Apocalypse how? Derren Brown’s latest magical mystery

In The Apocolypse, Derren Brown pushes reality television, dubious psychological experimentation, a young man called Steven Brosnan and viewers to extreme limits. He believes that by unexpectedly immersing an apathetic, TV watching, cereal munching guy called Steven in an apocalyptic world, his subject will undergo a dramatic transformation in which he realises the full value of life.

A plethora of cameras are set up in the places of Steven’s everyday life, i.e. the kitchen-living room complex, in addition to the meticulously crafted settings of roads and military hospitals, where the terror is to take place. Under the command of the magician, Steven’s news supply is gradually infiltrated. His awareness of a possibly destructive meteorite fall burgeons, before being launched brutally into the action- a mass of actors have worked to surround him in this new world of fireballs and demented humans affected by an extra-terrestrial virus carried on the rocks. In his desperate struggle for survival, Steven goes through the most elemental psychological processes of fear, courage and compassion. He is inescapably bound up in a plot, as Derren subtly controls his transformation, directing the surrounding actors via headphones.

Steven’s acquisition of decisiveness and courage in the face of death seem obvious. His ongoing optimism and growing compassion are striking however. This path, as opposed to one of violence and selfishness, is foreseen by Derren. Once again we see his ability to predict the variable, innermost workings of the human mind. But this time is different. Clever tricks take a back seat, as Steven’s adventure becomes the grand focus. Its cinematic documentation is captivating; as the viewer you share his every breath.

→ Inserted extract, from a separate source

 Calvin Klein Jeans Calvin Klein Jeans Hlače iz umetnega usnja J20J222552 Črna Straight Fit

But wait, a repressed voice is screaming out from our collective consciousness… How do we know Steven Brosman is not acting? Steven’s acting profile found on a casting website is inchoate, and the actor in a Noodles advert a look-alike, as evidenced by a video on Derren’s website in which he films the two side by side. Blips in the continuity of scenes are a result of 48 hours of filming being squeezed into one. The hypnosis under the stroke of a hand or a second over the telephone remain mystifying as Derren explains in his Q&A that once hypnosis works on a certain mind, it is built in, making it easy to trigger again, especially in states of shock. For him the accusations are hurtful as he describes the project as ‘heartfelt.’

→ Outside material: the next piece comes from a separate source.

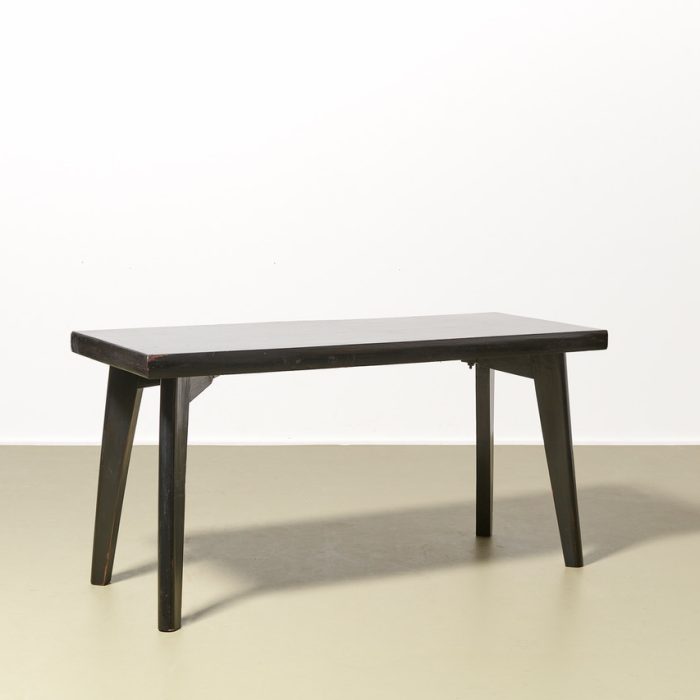 table, pierre jeanneret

If genuine, it provides unheard of material for psychology. The lack of post-trauma, as post-apocalyptic Steven says ‘no zombie flashbacks’, is the oddest repercussion. Maybe Steven’s reaction of auto-mind-numbing is why the high degree of psychological torture has not been taken to the courts. Derren tells us TV does not have to go past ethical committees in the way clinical experiments do, which seems questionable.

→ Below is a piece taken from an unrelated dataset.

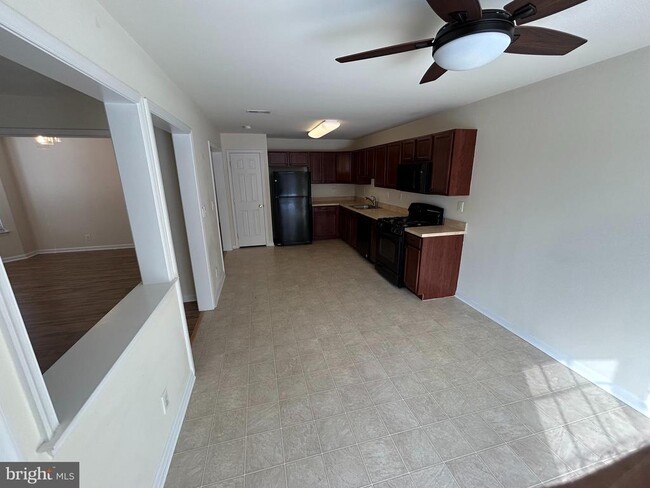 Photo - 133 Sugarbush Dr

The greatest victim may be you, the viewer. The absurdity of Steven’s saga leaves you paralyzed. Derren seems to attack the growing comfort bubbles we individually live in in the Western world, with all our superfluous little luxuries. He illuminates the diminished intensity of the most essential parts of the psyche, the elements humans used to rely on before the days of supermarkets and the internet, but upon closer examination the programme isn’t too distant from the world we live in today. On Tuesday the 20th of November, the Leonid meteorite shower reached a peak in its passage over the Earth, in which the atmosphere encountered debris last seen around 1400, the century marked by the footprints of the Black Death. Who needs 4od, the world is strange enough without Derren Brown.